Problem details | Exact copies of the lines below, from the one with "Building Photo - 608 Sesame Ln Rental" up to and including the one with "洪冰瑶海边写真 洪冰瑶高清写真_洪冰瑶高清剧照", are what this calls for; leave out pictures.

** Opening Supplied material block **

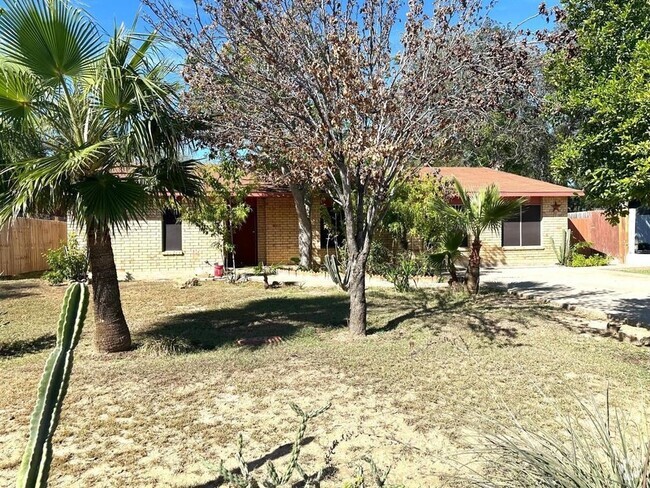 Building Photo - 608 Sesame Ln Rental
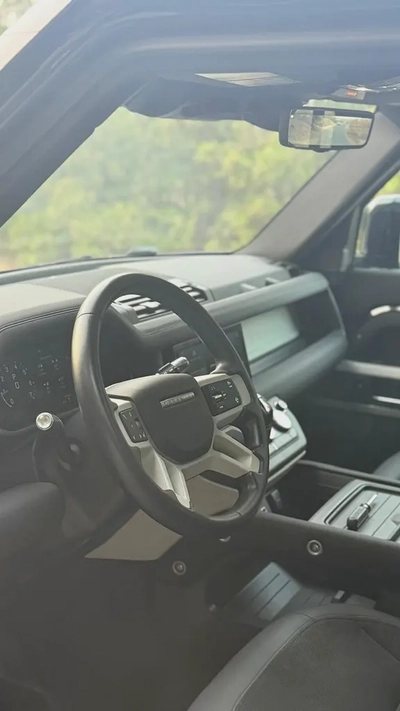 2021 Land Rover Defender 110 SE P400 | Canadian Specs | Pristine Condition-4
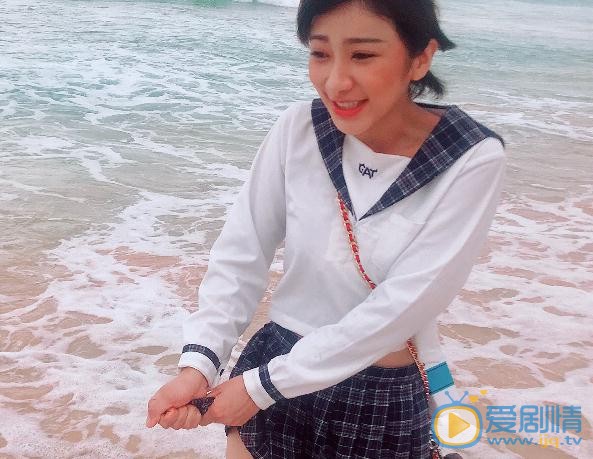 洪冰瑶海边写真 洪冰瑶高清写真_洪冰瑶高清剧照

** Closing Supplied material block **
** Opening Supplied material block **

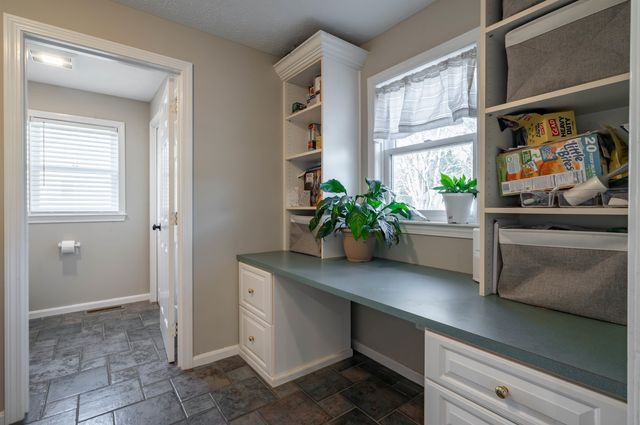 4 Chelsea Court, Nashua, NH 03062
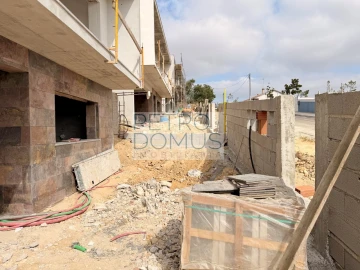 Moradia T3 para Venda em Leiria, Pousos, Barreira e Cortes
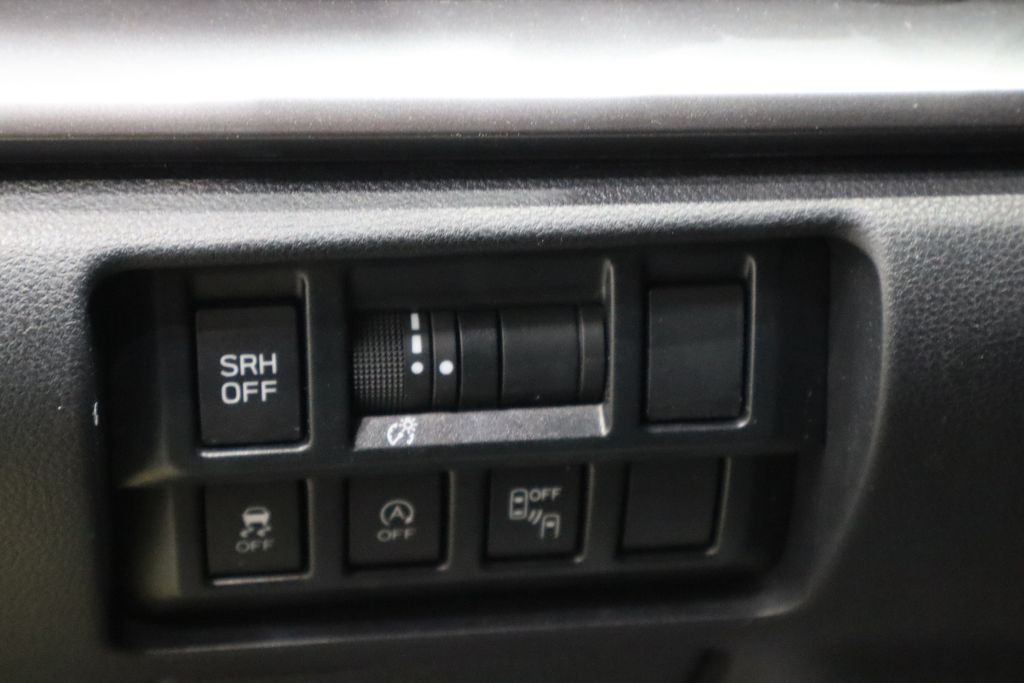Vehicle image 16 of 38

** Closing Supplied material block **

Finished task |
 Building Photo - 608 Sesame Ln Rental
 2021 Land Rover Defender 110 SE P400 | Canadian Specs | Pristine Condition-4
 洪冰瑶海边写真 洪冰瑶高清写真_洪冰瑶高清剧照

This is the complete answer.